Time goes by way too fast. Before we know it, 10 years will fly by and we’ll have a mortgage, kids running around, and a million things going on at once. We always want the next best thing. Instead of just reveling in the moment that we’re in and soaking in every experience. I’m flawed in this way as well – of always wanting more. But I know Thomas and I will look back when we’re turning grey and think of our life in Portland and say “we really had it made”. Being young and in love, struggling to save money but still feeling like we’re on top of the world, dancing to oldies in our little kitchen, making dinner at any-time of night because we can, crumb-y kisses after devouring a fresh batch of cookies -those are experiences that I want to soak in as much as possible and not take for granted.
Something else I’ll always appreciate no matter how old we are, is how Thomas will forever be the onion cutter of the family. Maybe I’m just a baby, but I swear I cry more than anyone else when I slice into an onion. But you know what’s totally worth the misery and tears? THIS FRENCH ONION SOUP.
It’s a glorious mix of buttery, golden, caramelized onions; slow-simmered, rich, broth; and crisp baguette topped with melted swiss and parmesan that creates the most epic cheese pull of all time. This is a super easy recipe and as an added bonus I tossed in half of a porter that I had in the fridge. So wipe your onion tears, drink the other half of your porter, and dive into this perfect bowl of soup.
Oh yeah… and most importantly enjoy the moment.
French Onion Soup
-3 tablespoons of butter
-5 cups of thinly sliced onions
-1 tablespoon of sugar
-1 tablespoon of balsamic vinegar
-3 garlic cloves, minced
-1 tablespoon, chopped fresh thyme leaves
-3 tablespoons all-purpose flour
-1 cup of porter, stout, or any dark beer that you have
-6 cups of chicken stock
-Salt and pepper to taste
-1 baguette, sliced
-equal parts of grated parmesan and Swiss cheese.
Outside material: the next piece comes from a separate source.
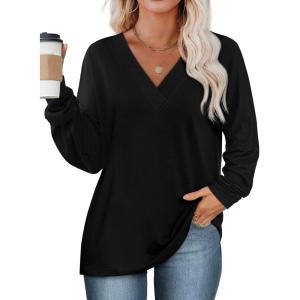 imageAvanova Womens V Neck Shirts Dolman Long Sleeve Batwing Tops Black XLarge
I would even pile it higher than I did in the picture above! You want plenty of cheese so it melts over the side and gets extra crispy.
What to do
1) In a large pot, melt butter over medium-high heat.
2) Add the onions and cook them for 15-20 minutes, stirring often, until golden in color. If they start sticking to the pot, you can add a little water a scrape with a wooden spoon.
3)Add in the sugar, vinegar, garlic, and thyme, stir and let cook a minute until fragrant
4) Add the flour in, stirring and scraping the pot with a wooden spoon
5) Mix in your beer of choice and let simmer for a few minutes before adding in the chicken stock. Once the stock is in, let it simmer for 20 minutes. Season with salt and pepper at the end if necessary.
6) Ladle the soup into oven safe bowls, cover with sliced baguette, and sprinkle generously with parmesan and Swiss.
7) Broil in the oven for 5-10 minutes or until the cheese is golden, bubbly, and delicious.
-Recipe was adapted from Marilou & Alexandre Champagne’s cookbook, 3 times a day.